Monthly Archives: March 2017

Reproducible manuscripts are the future?

This week, a paper that was almost three years in the making finally got published. I feel confident about the paper and the results in it, not because it took three years to write, but because I used a dynamic document to produce it (e.g., Rmarkdown).

Dynamic document? Yes! I no longer had to manually enter all results from the data into tables or the text — the computer did it for me. All I had to do was point it in the right direction. Figures? The same! It saved me tons of time after I made the initial investment to learn how to use it (something else that saved me time was git version control, but that’s for another time).

Why is this important? We are all human, and we make mistakes. And that’s okay! What matters is how we try to remedy those mistakes if they do occur, but even more important, if we can change the way we work in order to prevent some of them, that can help us tremendously. I think dynamic documents like Rmarkdown help us do so.

Markdown is a simple document language, which you can create in any text editor (notepad as well). All it does is standardize how headers are defined (with asterisks, # Header level 1, ## Header level 2, etc.) and how text style is defined (e.g., *text* is italic text). Subsequently, the text file can be converted to pretty much anything (e.g., html, pdf, and even a Word file for those relentless co-authors who love track changes so much).

Rmarkdown takes markdown, and allows you to put R code in between text chunks (which it actually runs!) or even WITHIN the text. Yes, you read that correctly. As such, you can do analyses, make figures, format results (no more manual p-values! statcheck won’t find any errors if you use Rmarkdown) AUTOMATICALLY.

I will just show one exciting and simple aspect, but more step-by-step guides are available (if you want to follow along, install R and Rstudio).

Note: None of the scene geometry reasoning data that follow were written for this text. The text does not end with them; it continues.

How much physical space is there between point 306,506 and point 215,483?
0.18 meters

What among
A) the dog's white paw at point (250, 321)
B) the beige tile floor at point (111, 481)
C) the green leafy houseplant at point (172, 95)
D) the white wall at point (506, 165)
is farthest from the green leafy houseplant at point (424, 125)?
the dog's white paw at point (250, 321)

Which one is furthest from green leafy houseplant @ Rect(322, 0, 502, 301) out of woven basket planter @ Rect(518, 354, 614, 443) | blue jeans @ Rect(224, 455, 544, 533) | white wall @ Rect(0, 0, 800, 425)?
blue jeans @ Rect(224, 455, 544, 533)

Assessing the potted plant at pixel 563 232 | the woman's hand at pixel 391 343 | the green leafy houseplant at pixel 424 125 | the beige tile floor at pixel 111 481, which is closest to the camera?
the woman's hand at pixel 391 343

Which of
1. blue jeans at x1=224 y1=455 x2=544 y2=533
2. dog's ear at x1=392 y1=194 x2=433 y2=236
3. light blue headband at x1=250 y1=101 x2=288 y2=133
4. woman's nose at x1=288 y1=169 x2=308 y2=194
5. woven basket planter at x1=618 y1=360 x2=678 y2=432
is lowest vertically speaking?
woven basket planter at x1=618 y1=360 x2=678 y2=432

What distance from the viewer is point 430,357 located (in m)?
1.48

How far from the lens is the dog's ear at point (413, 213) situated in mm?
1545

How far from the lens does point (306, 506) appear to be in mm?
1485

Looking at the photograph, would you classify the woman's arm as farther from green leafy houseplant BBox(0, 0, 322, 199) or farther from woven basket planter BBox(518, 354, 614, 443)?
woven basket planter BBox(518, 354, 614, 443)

Usually, we tend to type results in the running text ourselves, like such.

Using Rmarkdown to just write a document

Using Rmarkdown to just write a document

As we see, RMarkdown creates a document from a very simple plain text document (this is just markdown doing what it’s supposed to). However, we have a p-value that is calculated based on that t-value and degrees of freedom. So let’s make it dynamic to ensure we have the rounding correct.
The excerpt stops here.